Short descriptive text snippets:
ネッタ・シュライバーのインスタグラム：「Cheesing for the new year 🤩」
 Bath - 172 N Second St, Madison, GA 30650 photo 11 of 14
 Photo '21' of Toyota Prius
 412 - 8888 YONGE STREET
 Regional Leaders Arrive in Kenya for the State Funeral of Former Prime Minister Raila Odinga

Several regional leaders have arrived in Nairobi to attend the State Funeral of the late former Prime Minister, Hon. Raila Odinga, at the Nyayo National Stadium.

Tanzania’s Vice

...

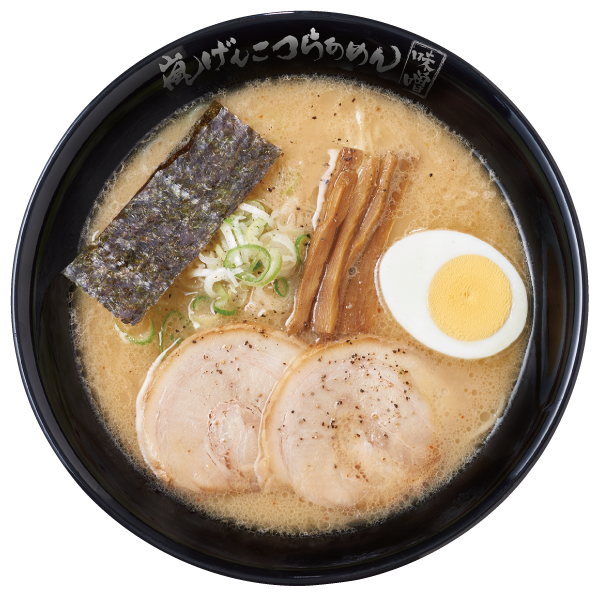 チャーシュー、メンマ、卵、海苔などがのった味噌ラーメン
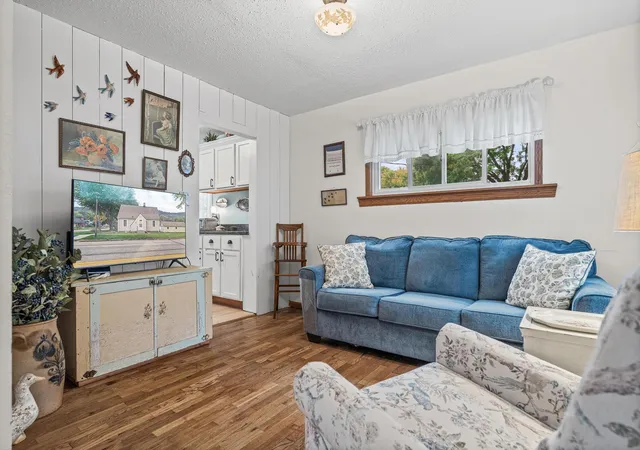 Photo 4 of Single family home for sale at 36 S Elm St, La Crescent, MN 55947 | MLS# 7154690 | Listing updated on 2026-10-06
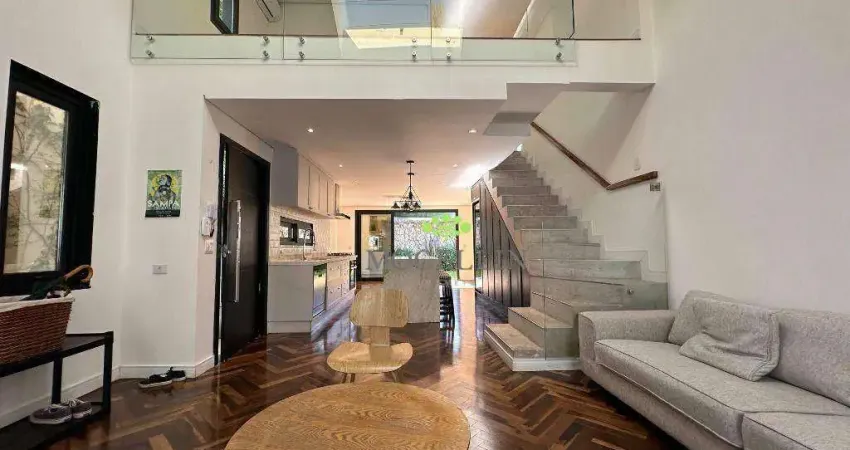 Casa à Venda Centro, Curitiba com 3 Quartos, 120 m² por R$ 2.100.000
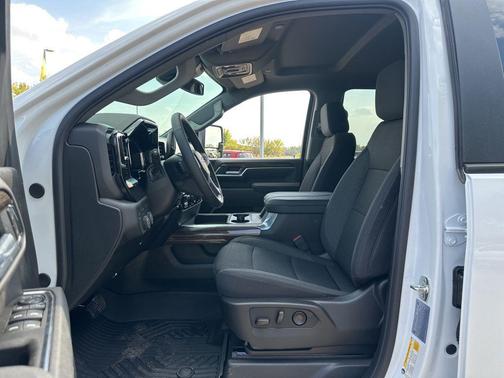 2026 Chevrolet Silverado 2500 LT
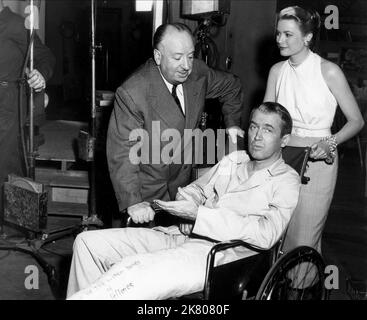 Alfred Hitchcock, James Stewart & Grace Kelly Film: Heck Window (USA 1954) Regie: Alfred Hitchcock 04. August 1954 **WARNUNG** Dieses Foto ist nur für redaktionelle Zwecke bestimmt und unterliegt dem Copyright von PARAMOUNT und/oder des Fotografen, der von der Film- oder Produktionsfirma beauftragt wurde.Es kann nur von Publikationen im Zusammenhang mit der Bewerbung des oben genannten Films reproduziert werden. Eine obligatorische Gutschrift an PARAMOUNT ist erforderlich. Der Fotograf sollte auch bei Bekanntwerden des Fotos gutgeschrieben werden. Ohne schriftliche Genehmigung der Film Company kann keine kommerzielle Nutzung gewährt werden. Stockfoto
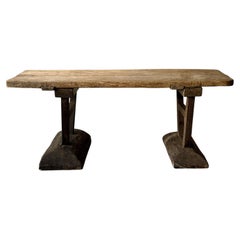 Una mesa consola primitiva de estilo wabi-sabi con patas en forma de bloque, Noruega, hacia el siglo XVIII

→ **WHAT IS REQUIRED**
Please output the lines above beginning at the line with "Photo 4 of Single" and ending after the line with "2026 Chevrolet Silverado 2500 LT", precisely as written and with no pictures.

→ **WRITTEN REPLY**
 Photo 4 of Single family home for sale at 36 S Elm St, La Crescent, MN 55947 | MLS# 7154690 | Listing updated on 2026-10-06
 Casa à Venda Centro, Curitiba com 3 Quartos, 120 m² por R$ 2.100.000
 2026 Chevrolet Silverado 2500 LT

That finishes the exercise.